Все просто: одна из наиболее врезавшихся мне в память его цитат — концовка монолога «Чем живет страна» 1990-х годов, в которой почивший Советский Союз — это «зона, где тюрьма, мясокомбинат, кондитерская фабрика и обком партии выглядели одинаково». К этому списку я смог уже сам добавить «фабрику мороженого» — именно она скрывалась за колючей проволокой, автоматчиками и нелепым новоязовым «хладокомбинатом». В момент когда я, будучи подростком, сопоставил эти факты, до меня наконец-то дошло то, что было так очевидно миллионам поклонников Жванецкого, успевших пожить в СССР: за талантом подачи, за иронией, за уникальной способностью повернуть фразу скрывалось главное — правда о настоящей, повседневной жизни, немыслимой для постсоветских поколений страны.

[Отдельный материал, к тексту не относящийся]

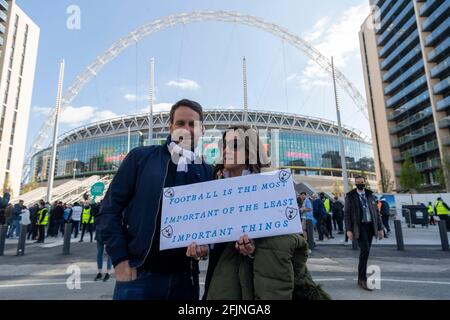 Beim Carabao Cup Final Wembley sind viele Zuschauer dabei. London, Großbritannien. 25. April 2021. Foto von Ray Tang. Bis zu 8,000 Fußballfans kommen im Wembley Stadium an, um am Carabao Cup-Finale zwischen Tottenham Hotspur und Manchester City teilzunehmen. Alle Teilnehmer müssen einen negativen Covid-19-Test nachweisen, um an der Veranstaltung als Teil des Pilotprogramms des Events Research Program (ERP) teilzunehmen, das die Entscheidung der Regierung über Schritt 4 der Roadmap aus der Sperre heraus informiert. Stockfoto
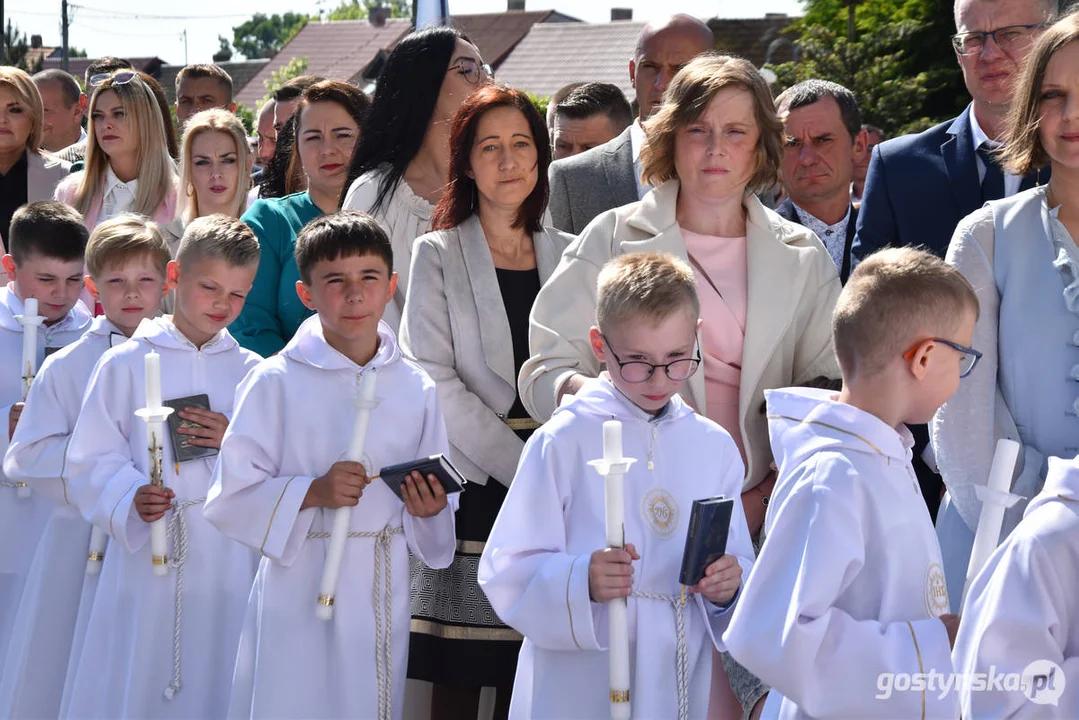 Sakrament I Komunii Świętej w parafii w Pogorzeli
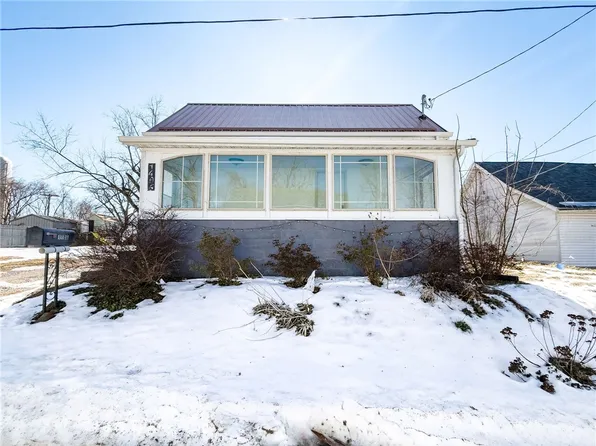 1406 Water St, Lawrenceville, IL 62439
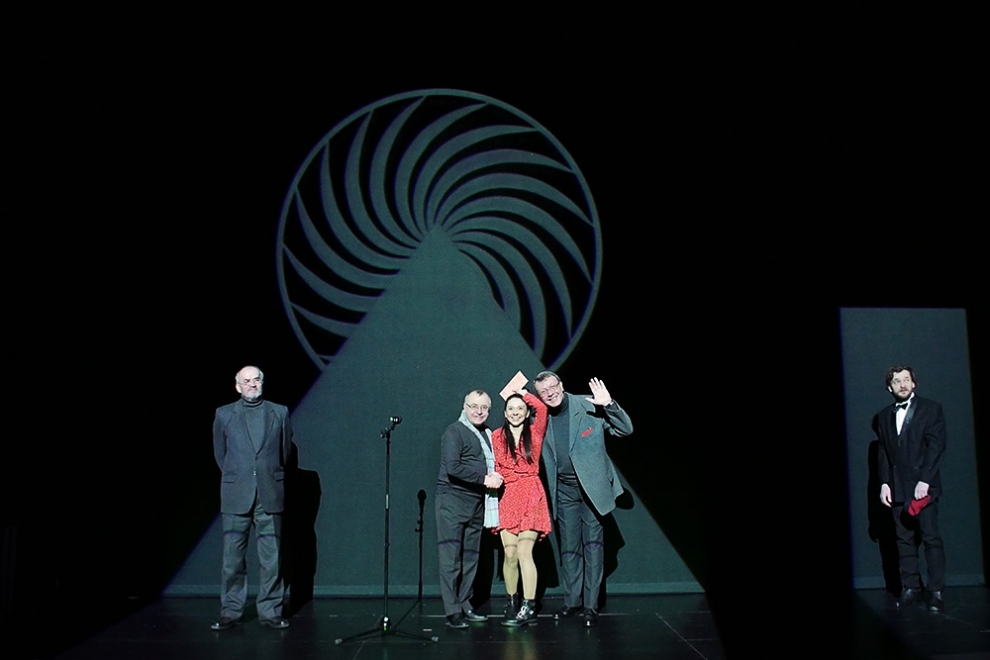 Skats no RKT izrādes "Krietnais cilvēks no Sečuānas" // Foto – Katrīna Neiburga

Записи Михаила Жванецкого я слушал с детства — у нас дома, а точнее в машине, в виде неизменно бодрого, ироничного голоса с компакт-диска. Для ребенка, родившегося на излете жизни СССР, за этим голосом стоял в первую очередь Жванецкий-артист. Многое из того, что он говорил, для меня было либо непонятным, либо откровенно фантасмагоричным. Но смешно было всегда — настолько сильно обаяние самой манеры чтения, интонации, баланса внезапных пауз и резких повышений тембра. Не нужно до конца понимать, о чем идет речь в лучшей части «Одесского телефона», чтобы каждый раз смеяться над тем, как Жванецкий произносит прекрасное «Ну будем ждать!» после стратегической паузы.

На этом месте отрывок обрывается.